Pengamat Politik dari Center for Strategic and International Studies (CSIS) Arya Fernandes menilai tingkat kepercayaan masyarakat terhadap Presiden Joko Widodo berpotensi turun drastis bila menyetujui revisi Undang Undang (UU) Komisi Pemberantasan Korupsi (KPK).
Dia mengatakan, saat ini, berbagai kalangan masyarakat menggantungkan harapannya kepada Jokowi agar tidak menindaklanjuti inisiatif DPR tersebut. Sebab, draf revisi UU KPK yang disiapkan DPR berpotensi melemahkan kerja komisi antirasuah.
"Dari riset-riset yang dilakukan memang ada hubungan antara tingkat kepercayaan orang terhadap penguatan KPK dengan kepercayaan terhadap Presiden Jokowi," kata dia kepada katadata.co.id, Jakarta, Jumat (6/9).
(Baca: Revisi UU KPK Tak Sesuai Konvensi PBB, Wakil Ketua KPK: Lawan!)

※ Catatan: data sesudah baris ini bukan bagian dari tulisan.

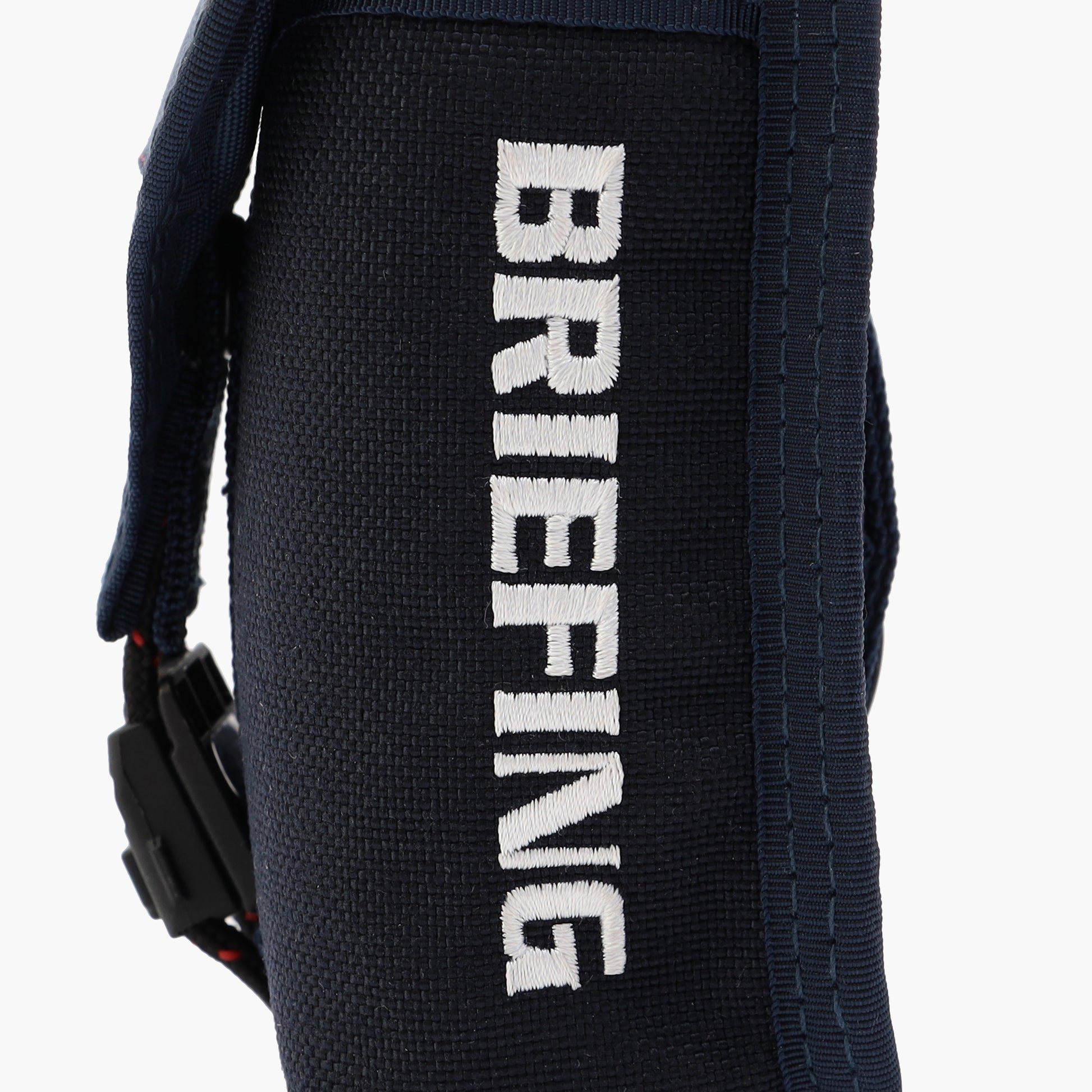サイドに刺繍であしらったBRIEFINGロゴがさりげないアクセントに。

Ia mengatakan, dalam kampanye Pilpres, Jokowi selalu menyampaikan komitmennya terhadap pemberantasan korupsi. "Dia dianggap sebagai pemimpin baru yang berbeda dari kebanyakan elit," ujarnya. Maka itu, respons Jokowi sangat ditunggu-tunggu masyarakat.

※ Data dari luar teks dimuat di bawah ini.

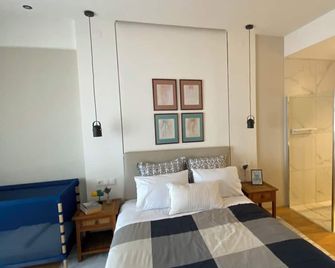 Comfortable Apartment - Sea View - Nea Skioni - Schlafzimmer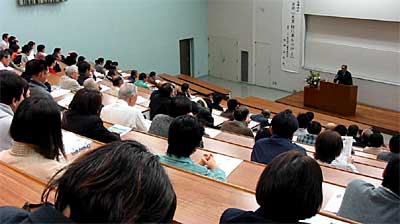 新潟経営大学学園祭「希蝶祭2002～挑戦～」で開かれた岡田卓也イオン(株)名誉会長相談役の特別講演会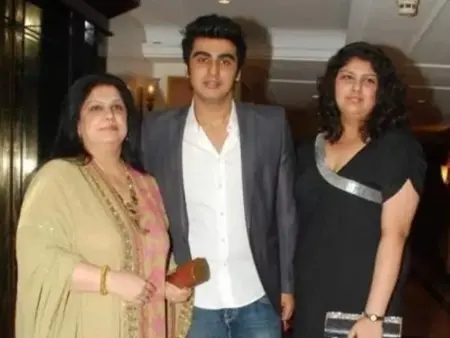 arjun kapoor and-anshula kapoor with mother mona shourie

Dalam pandangan Arya, ada beberapa poin dalam draf revisi UU KPK yang berpotensi melemahkan kerja komisi antirasuah. Poin yang dimaksud seperti penyidik yang harus berasal dari institusi lain seperti kejaksaan dan kepolisian. Lalu, pemberhentian perkara bila dalam waktu setahun KPK tidak dapat menemukan bukti-bukti kuat.
Pendapat berbeda disampaikan Sekertaris Jenderal PDI Perjuangan Hasto Kristiyanto. Ia menilai revisi UU KPK adalah untuk perbaikan sistem pemberantasan korupsi. "Di masa lalu semua juga melihat ada berbagai kelemahan dalam wujud penyalahgunaan kekuasaan," kata dia dalam keterangan resminya.
(Baca: Gerakan Senyap Pelumpuhan KPK di Ujung Masa Kerja DPR)
Sedangkan Wakil Ketua DPR yang juga politisi Partai Gerindra Fadli Zon mengatakan, dirinya tidak setuju jika dikatakan bahwa revisi UU KPK untuk melemahkan lembaga antirasuah tersebut. "Enggak boleh ada pelemahan KPK, kami ingin tetap (KPK) eksis dan kuat, kalau ada sebuah koreksi, ini bukan sesuatu yang diharamkan," ujarnya.